She tutted and then said, with a distinct southern twang, "Well, I'll have to have your names for the computer system."

Piper crossed her arms. "Piper McLean."

"Annabeth Chase."

The woman's manicured nails tapped away on the plastic keys.

"Hmmm," she said after a moment. "Well, I can't seem to be able to find a Miss Annabeth enrolled at this school. But Piper McLean, you go ahead and head over to the gym-nay-see-um. There's an assembly goin' on. Come back here after second bell to collect your class list."

Piper shrugged and picked up her bag. "See you soon, Annabeth."

"Bye," I said vacantly, my mind occupied thinking of how the school couldn't have received my forged letter explaining it all.

The receptionist looked at me sternly. "Now what's your story, young miss?"

"I sent a letter ahead explaining that I'm on a study vacation and that I'd be transferring here about a month ago. I have all of the enrolment papers filled out."

"Ah, now I see the problem. See, we've been trying to make this fine school more modern by upgrading it eee-leck-tron-ick-ah-lee. We haven't been getting much paper mail."

"Oh, um, right. Does that mean I can't go to school?"

She laughed like I'd just graduated from clown school. "Oh, no, honey. It just means you gotta give me the papers now for me to put it all in to the system."

"You mean you have a place free?"

The woman nodded emphatically. "This school's got places to spare. What with that private school stealin' all the kids and all it's a wonder that we're runnin' at all."

"Oh," I said, and began riffling through my bag for the papers. After a good few minutes of me searching and the receptionist looking on in a bored manner I pulled the paperwork out triumphantly. She stared at the papers for a while, reading them, it seemed to me, as slowly as was humanly possible.

"Well, then," she said with a sigh, "this all seems to be in order. I'll put you into the computer system. Come back with your friend after second bell, I'll give you your schedule and a locker."

With that parting sentence she swivelled her office chair around, fixed her beady eyes on the computer screen and didn't say a word more.

I sighed, picked up my bag and trudged to the gymnasium. I caught a glance at myself in the window of one of the classrooms. My hair looked like a large blond cheerleader's pom-pom; the steam hadn't done it any favours. My sweater was rumpled, my dark jeans had small holes in the knees and my Chuck Taylors were faded. If only I'd had a beret, dark glasses and was more experienced in the use of the word 'cat', then I probably could have pulled off the non-conformist beatnik look. But, no, as it was, I'd just be the late, weird kid with the unfortunate hair. Arriving tardy to assembly looking like a walking pom-pom with ripped jeans. _Yeah, _I thought to myself, _really low profile. _

The door, regrettably, was located right behind the podium where the principal was talking and opened with a distinct squeak. So when I tried to slip surreptitiously into the large room, I, predictably, failed miserably. Every single pair of eyes, whether they were behind thick glasses, hidden beneath thick flops of hair or maybe even sea-green, turned my way. There was a heavy silence as I was examined from the tips of my scuffed sneakers to the split ends of my frizzy hair. There were ripples of murmurs and sniggers and barely suppressed giggles.

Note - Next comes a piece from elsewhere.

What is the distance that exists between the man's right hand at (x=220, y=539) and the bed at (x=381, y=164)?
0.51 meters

The principal coughed awkwardly. "Ahem. Late on the first day. Let's hope we can see an improvement on that, um, whoever you are. Take a seat if you can find one. Now, uh, as I was saying before the, uh, interruption, the inter-school swimming championships are coming up. We will be competing against Bryson Grammar-"

I barely listened to the principal's boring speech or glanced at his poor comb-over, I was scanning the masses of kids for a spare seat. I couldn't see Piper's face anywhere and she didn't seem to be making an effort to make herself seen. In the end all I could do was trudge up to the second-to-last row and collapse into a seat on the end.

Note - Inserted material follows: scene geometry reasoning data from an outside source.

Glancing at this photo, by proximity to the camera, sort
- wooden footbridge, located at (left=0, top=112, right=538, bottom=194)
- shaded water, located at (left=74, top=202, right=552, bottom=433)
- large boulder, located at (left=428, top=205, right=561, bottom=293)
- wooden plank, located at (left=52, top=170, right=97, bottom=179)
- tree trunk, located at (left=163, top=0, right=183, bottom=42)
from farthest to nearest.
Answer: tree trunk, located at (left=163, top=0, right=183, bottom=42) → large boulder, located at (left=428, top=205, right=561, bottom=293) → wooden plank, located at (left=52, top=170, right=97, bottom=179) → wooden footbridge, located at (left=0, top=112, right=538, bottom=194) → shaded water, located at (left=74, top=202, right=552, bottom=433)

It wasn't until I'd closed my eyes and rubbed the bridge of my nose that I took the time to glance at who I was sitting next to. Percy Jackson grinned at me. "Hey, Newest Freak. Nice entrance. Good job on being late on the first day."

I folded my arms. "Whatever. I didn't see you leaping to my defence."

"Well, I was too busy listening the the principal's _enthralling_ speech."

His friend sniggered beside him. I glanced at the boy sitting next to Percy. He had curly brown hair and kind brown eyes.

"Hi," he said cheerfully. "I'm Grover."

_Grover? _I thought to myself. _Seriously? _

He seemed to know what I was thinking. "I know. You don't meet many Grovers. I like to think it makes me unique."

"It certainly does," I said, sighing. "I'm Annabeth, if you'd care to know."

"Heard you had a run in with Drew," Grover said.

I glanced at him. "What is this? Does everybody in this town connect directly to each other or what?"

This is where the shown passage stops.